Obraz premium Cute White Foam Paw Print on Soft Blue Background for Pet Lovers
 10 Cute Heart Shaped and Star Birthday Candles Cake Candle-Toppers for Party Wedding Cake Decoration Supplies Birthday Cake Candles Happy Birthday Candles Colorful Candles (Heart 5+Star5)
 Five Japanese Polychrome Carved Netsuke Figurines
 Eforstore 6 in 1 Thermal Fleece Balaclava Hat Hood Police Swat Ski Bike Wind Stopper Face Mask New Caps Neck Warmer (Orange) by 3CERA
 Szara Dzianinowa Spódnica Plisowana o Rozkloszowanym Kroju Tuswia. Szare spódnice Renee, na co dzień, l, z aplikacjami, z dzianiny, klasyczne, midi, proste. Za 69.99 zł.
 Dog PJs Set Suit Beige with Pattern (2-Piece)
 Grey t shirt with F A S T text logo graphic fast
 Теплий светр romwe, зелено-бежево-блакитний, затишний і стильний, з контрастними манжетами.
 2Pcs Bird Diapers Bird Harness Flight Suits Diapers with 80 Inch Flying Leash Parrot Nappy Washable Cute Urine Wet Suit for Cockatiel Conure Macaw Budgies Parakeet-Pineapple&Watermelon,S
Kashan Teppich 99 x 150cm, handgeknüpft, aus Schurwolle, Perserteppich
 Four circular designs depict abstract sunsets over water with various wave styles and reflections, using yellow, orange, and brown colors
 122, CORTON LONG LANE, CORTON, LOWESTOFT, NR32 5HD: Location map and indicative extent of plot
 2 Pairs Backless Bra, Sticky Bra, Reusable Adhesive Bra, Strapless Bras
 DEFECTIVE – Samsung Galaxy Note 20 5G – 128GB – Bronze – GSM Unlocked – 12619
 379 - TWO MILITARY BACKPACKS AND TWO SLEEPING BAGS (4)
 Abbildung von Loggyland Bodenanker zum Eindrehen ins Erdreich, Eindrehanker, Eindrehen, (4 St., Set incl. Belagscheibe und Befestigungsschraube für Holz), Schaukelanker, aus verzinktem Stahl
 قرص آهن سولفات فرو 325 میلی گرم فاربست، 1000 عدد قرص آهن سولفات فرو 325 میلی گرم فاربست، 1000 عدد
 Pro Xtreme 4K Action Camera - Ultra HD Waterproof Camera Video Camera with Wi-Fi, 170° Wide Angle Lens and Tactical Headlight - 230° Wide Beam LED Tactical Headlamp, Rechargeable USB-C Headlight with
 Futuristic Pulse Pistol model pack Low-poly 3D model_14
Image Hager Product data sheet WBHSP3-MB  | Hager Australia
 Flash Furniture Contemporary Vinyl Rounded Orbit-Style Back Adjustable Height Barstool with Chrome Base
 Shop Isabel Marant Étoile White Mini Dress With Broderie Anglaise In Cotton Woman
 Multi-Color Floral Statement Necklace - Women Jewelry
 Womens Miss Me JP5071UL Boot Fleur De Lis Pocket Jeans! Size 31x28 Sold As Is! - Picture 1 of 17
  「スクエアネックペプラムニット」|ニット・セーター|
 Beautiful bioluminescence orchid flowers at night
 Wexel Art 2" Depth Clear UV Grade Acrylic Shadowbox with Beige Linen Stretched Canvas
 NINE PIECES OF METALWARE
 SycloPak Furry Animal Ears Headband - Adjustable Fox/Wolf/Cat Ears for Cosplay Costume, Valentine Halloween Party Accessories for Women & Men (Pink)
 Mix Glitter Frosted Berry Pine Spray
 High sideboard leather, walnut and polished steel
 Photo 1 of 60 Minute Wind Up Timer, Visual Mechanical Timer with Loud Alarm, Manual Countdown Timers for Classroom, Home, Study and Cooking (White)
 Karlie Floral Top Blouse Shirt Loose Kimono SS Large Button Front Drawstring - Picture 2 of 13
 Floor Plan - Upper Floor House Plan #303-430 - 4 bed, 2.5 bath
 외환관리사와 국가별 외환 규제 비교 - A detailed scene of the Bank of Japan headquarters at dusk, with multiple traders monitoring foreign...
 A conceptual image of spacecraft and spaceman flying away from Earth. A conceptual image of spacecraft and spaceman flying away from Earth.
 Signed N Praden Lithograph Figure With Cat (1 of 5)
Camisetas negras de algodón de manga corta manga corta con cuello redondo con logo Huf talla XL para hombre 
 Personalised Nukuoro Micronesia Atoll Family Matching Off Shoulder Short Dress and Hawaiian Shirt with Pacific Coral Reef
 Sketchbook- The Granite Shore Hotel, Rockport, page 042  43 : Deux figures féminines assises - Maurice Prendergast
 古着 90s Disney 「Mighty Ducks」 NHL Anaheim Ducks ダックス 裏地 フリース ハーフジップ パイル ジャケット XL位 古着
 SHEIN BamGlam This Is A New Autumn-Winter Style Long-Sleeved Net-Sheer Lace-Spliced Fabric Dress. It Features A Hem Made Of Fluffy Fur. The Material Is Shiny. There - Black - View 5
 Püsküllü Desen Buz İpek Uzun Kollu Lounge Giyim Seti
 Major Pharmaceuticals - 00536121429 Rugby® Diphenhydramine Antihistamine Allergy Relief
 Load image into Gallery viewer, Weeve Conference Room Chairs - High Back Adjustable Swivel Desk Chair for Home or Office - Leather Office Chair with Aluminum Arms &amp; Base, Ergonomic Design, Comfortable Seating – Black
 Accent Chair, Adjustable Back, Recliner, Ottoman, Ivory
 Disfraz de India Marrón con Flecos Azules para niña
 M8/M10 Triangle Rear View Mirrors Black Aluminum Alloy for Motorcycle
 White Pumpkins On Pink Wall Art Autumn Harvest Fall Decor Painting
· · · ·
## YOUR ASSIGNMENT
Scan the lines above for "Flash Furniture Contemporary" and for "Beautiful bioluminescence orchid". Repeat exactly the line holding each of them and every line in between.

## SOLUTION TO THIS PROBLEM
 Flash Furniture Contemporary Vinyl Rounded Orbit-Style Back Adjustable Height Barstool with Chrome Base
 Shop Isabel Marant Étoile White Mini Dress With Broderie Anglaise In Cotton Woman
 Multi-Color Floral Statement Necklace - Women Jewelry
 Womens Miss Me JP5071UL Boot Fleur De Lis Pocket Jeans! Size 31x28 Sold As Is! - Picture 1 of 17
  「スクエアネックペプラムニット」|ニット・セーター|
 Beautiful bioluminescence orchid flowers at night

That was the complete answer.